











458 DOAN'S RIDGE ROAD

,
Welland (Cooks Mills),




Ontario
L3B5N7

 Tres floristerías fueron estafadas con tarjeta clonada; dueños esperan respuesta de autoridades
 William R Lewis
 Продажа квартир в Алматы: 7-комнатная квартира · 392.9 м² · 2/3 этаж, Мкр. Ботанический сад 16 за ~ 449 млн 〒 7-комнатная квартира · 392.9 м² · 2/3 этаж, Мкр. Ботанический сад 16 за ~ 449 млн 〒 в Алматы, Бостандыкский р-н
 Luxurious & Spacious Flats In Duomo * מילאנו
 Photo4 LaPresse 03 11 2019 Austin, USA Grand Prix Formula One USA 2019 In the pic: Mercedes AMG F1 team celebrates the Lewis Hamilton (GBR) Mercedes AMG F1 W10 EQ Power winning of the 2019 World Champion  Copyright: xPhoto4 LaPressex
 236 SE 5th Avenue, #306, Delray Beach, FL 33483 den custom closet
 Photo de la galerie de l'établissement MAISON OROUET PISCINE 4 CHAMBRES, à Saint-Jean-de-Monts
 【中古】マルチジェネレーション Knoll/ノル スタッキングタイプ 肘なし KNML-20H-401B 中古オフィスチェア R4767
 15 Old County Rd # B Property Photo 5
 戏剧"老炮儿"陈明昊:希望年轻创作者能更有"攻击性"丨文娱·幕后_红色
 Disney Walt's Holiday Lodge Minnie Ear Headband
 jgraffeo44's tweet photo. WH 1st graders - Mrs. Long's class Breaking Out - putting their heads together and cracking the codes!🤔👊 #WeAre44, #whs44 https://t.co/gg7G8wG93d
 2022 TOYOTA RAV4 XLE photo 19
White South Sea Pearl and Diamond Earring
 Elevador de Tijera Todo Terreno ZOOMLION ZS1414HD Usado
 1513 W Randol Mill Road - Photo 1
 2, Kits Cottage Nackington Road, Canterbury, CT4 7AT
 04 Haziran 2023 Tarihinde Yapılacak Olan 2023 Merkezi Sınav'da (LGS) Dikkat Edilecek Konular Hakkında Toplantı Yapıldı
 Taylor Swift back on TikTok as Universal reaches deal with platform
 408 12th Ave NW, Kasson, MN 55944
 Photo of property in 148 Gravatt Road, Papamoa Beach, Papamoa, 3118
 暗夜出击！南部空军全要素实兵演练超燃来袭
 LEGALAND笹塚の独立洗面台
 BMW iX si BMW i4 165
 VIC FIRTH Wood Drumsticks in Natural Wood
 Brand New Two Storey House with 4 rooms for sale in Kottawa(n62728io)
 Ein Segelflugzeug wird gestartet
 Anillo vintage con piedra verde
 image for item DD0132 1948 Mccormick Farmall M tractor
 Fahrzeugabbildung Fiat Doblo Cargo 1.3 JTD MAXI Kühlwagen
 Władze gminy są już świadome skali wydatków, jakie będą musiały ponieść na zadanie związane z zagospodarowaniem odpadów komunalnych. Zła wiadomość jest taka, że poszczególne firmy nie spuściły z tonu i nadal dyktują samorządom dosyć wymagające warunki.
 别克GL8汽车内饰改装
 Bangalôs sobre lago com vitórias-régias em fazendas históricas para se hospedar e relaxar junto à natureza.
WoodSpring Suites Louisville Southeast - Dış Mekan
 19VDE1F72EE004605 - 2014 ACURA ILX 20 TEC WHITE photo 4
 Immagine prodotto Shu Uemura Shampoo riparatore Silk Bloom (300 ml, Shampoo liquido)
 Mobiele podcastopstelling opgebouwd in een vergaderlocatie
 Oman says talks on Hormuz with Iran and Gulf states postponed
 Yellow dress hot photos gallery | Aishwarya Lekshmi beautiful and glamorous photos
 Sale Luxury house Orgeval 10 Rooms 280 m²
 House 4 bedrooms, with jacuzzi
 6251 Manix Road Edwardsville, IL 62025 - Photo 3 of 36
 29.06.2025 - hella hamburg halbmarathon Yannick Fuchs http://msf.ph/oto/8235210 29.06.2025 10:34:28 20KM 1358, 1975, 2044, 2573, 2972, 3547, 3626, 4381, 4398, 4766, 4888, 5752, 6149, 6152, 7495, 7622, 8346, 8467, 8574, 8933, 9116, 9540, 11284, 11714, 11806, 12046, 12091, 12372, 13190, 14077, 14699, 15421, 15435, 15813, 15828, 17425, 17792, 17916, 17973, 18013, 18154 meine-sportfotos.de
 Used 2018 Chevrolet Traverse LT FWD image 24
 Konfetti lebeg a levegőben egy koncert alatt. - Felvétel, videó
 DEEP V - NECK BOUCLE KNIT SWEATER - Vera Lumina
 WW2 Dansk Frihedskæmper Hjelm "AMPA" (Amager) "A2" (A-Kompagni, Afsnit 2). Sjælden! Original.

########

WHAT TO WORK ON => From the very first line of the records down to the line with "2, Kits Cottage", please write out each line exactly, including both ends and no other lines.

ANSWER TO THIS PROBLEM =>
458 DOAN'S RIDGE ROAD

,
Welland (Cooks Mills),




Ontario
L3B5N7

 Tres floristerías fueron estafadas con tarjeta clonada; dueños esperan respuesta de autoridades
 William R Lewis
 Продажа квартир в Алматы: 7-комнатная квартира · 392.9 м² · 2/3 этаж, Мкр. Ботанический сад 16 за ~ 449 млн 〒 7-комнатная квартира · 392.9 м² · 2/3 этаж, Мкр. Ботанический сад 16 за ~ 449 млн 〒 в Алматы, Бостандыкский р-н
 Luxurious & Spacious Flats In Duomo * מילאנו
 Photo4 LaPresse 03 11 2019 Austin, USA Grand Prix Formula One USA 2019 In the pic: Mercedes AMG F1 team celebrates the Lewis Hamilton (GBR) Mercedes AMG F1 W10 EQ Power winning of the 2019 World Champion  Copyright: xPhoto4 LaPressex
 236 SE 5th Avenue, #306, Delray Beach, FL 33483 den custom closet
 Photo de la galerie de l'établissement MAISON OROUET PISCINE 4 CHAMBRES, à Saint-Jean-de-Monts
 【中古】マルチジェネレーション Knoll/ノル スタッキングタイプ 肘なし KNML-20H-401B 中古オフィスチェア R4767
 15 Old County Rd # B Property Photo 5
 戏剧"老炮儿"陈明昊:希望年轻创作者能更有"攻击性"丨文娱·幕后_红色
 Disney Walt's Holiday Lodge Minnie Ear Headband
 jgraffeo44's tweet photo. WH 1st graders - Mrs. Long's class Breaking Out - putting their heads together and cracking the codes!🤔👊 #WeAre44, #whs44 https://t.co/gg7G8wG93d
 2022 TOYOTA RAV4 XLE photo 19
White South Sea Pearl and Diamond Earring
 Elevador de Tijera Todo Terreno ZOOMLION ZS1414HD Usado
 1513 W Randol Mill Road - Photo 1
 2, Kits Cottage Nackington Road, Canterbury, CT4 7AT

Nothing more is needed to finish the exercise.